El avance de los marines en Marjah se hace mucho más costoso de lo que se preveía al comienzo de la ofensiva, el pasado 13 de febrero. Los contraataques talibanes, aunque esporádicos, impiden que la OTAN pueda dar por aseguradas determinadas zonas para empezar a establecer en ellas una presencia civil. La colaboración de las tropas afganas es menos eficaz de lo necesario, lo que complica la posibilidad de traspasarles la responsabilidad en las áreas reconquistadas.
El general David Petraeus, jefe del Comando Central de Estados Unidos ha pronosticado que todavía es necesario mucho trabajo en Afganistán. "Esto es sólo el inicio de lo que será una operación de 12 a 18 meses de campaña", declaró. Esa larga duración irá probablemente unida a una larga lista de muertos, lo que podría poner en peligro a medio plazo la colaboración de algunos de los países de la OTAN.
Estados Unidos alcanzó ayer la cifra de 1.000 soldados muertos.
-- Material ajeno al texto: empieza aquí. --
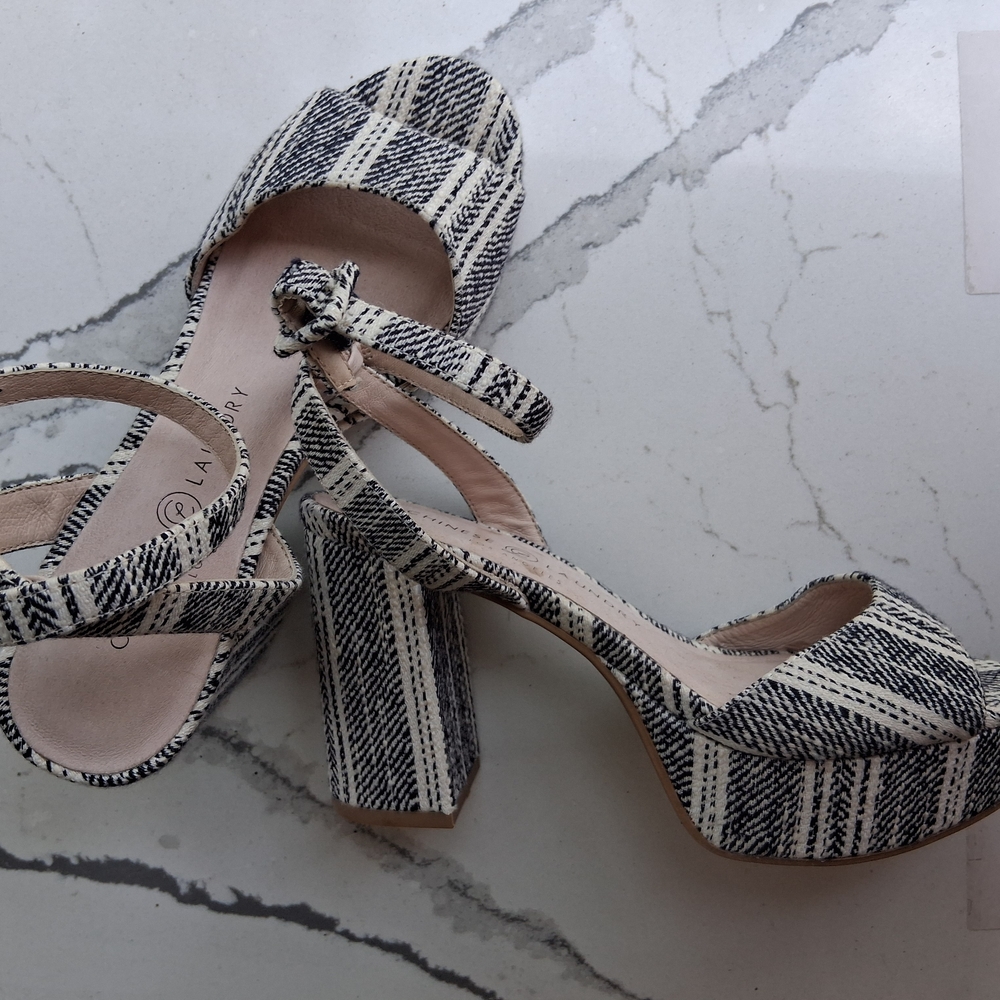 Stylish Black and White Platform Heels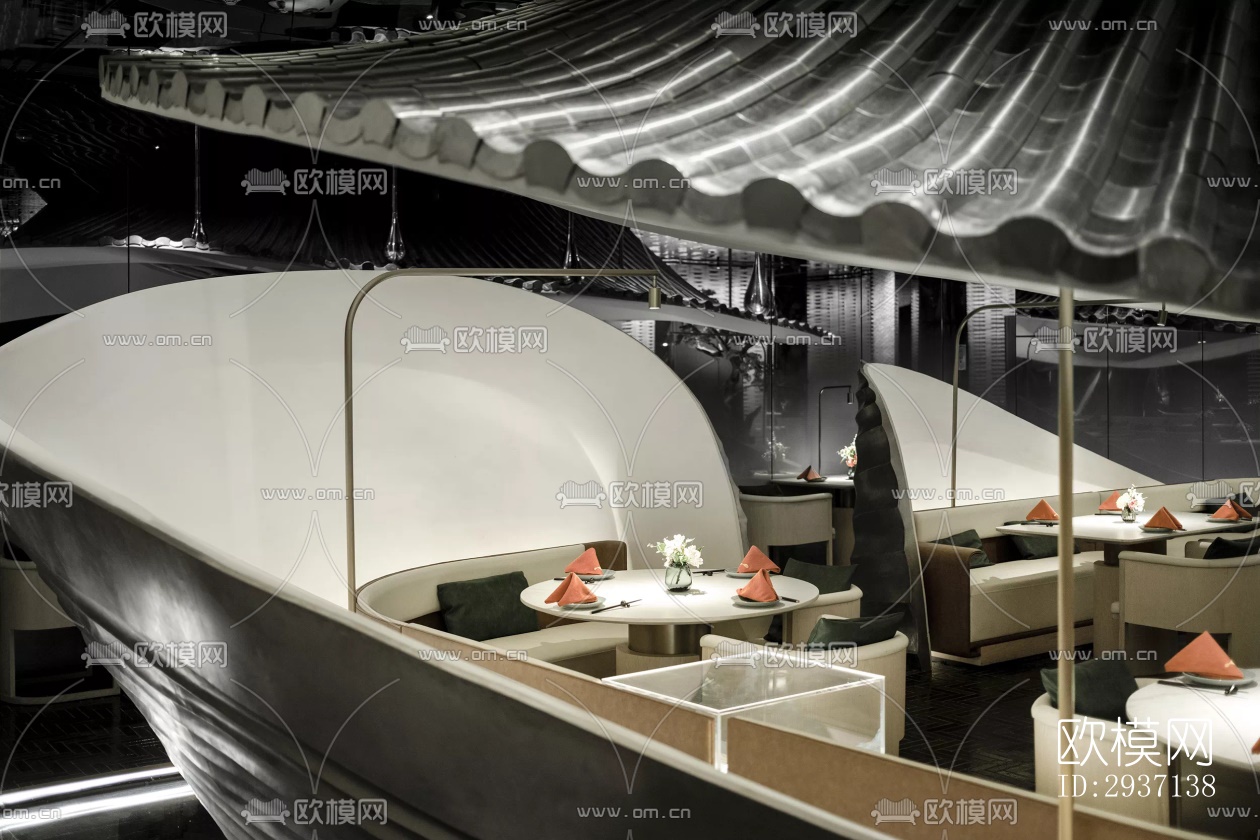 高级灰西餐厅效果图下载（渲染图8）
Sólo en lo que va del año este país ha perdido ya cerca de 60 hombres. La cifra de 316 muertes de estadounidenses en 2009 fue el doble de la de 2008.
En las provincias de Kandahar y Helmand -donde Estados Unidos, la OTAN y las fuerzas afganas luchan actualmente contra los talibanes- se produjo el número más alto de bajas estadounidenses y de la coalición en toda la guerra.
Estrategia tras ataque
Richard Holbrooke, el enviado especial del Departamento de Estado para Afganistán, manifestó que, si el avance militar prosigue al ritmo actual, antes de un año habrá en el país un millar de civiles norteamericanos trabajando en las necesidades más inmediatas de la población: luz eléctrica, agua corriente, escuelas. Mientras la ofensiva se desarrolla, Holbrooke es el encargado de lidiar con dos de los ingredientes más delicados de la estrategia: la colaboración de Pakistán y la rehabilitación del presidente afgano, Hamid Karzai.